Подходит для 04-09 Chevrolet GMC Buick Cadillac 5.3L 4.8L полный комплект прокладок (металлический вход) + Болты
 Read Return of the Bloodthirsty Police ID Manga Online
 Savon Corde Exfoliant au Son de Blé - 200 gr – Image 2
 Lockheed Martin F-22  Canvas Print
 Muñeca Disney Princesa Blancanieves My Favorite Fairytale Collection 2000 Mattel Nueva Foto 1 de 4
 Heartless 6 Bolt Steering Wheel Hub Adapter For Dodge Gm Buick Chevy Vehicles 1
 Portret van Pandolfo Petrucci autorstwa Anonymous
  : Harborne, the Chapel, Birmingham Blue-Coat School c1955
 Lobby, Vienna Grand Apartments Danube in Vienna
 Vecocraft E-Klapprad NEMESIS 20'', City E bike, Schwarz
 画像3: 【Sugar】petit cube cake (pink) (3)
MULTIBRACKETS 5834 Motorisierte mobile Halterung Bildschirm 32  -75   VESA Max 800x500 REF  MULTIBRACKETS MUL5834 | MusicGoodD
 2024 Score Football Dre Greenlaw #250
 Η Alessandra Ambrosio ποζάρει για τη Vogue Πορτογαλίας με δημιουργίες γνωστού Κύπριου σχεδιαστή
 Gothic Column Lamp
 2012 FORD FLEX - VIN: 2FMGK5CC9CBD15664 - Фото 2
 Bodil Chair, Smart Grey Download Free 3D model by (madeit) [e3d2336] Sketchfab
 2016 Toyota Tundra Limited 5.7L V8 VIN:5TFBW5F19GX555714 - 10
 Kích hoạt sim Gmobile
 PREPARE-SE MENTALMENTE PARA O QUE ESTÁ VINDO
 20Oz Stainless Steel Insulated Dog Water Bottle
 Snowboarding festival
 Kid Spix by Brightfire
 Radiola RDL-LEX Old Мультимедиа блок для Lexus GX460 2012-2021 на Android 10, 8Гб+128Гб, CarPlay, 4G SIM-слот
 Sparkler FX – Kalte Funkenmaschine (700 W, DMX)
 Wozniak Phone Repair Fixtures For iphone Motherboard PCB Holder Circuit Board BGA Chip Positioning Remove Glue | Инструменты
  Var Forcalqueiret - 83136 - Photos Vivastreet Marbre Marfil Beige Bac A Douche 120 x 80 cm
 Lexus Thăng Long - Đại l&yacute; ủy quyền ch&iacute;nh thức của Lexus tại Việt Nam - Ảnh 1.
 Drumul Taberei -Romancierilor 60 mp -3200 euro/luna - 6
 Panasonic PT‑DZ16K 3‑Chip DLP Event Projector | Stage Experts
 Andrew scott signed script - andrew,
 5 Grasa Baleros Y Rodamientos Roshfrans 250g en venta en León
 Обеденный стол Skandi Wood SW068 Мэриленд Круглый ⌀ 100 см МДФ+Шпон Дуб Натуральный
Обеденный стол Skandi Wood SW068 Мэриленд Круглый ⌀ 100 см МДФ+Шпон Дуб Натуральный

------------

• Task goal
Check each line above for the string "Круглый", then copy the ones that have it.

• Answer to the exercise
 Обеденный стол Skandi Wood SW068 Мэриленд Круглый ⌀ 100 см МДФ+Шпон Дуб Натуральный
Обеденный стол Skandi Wood SW068 Мэриленд Круглый ⌀ 100 см МДФ+Шпон Дуб Натуральный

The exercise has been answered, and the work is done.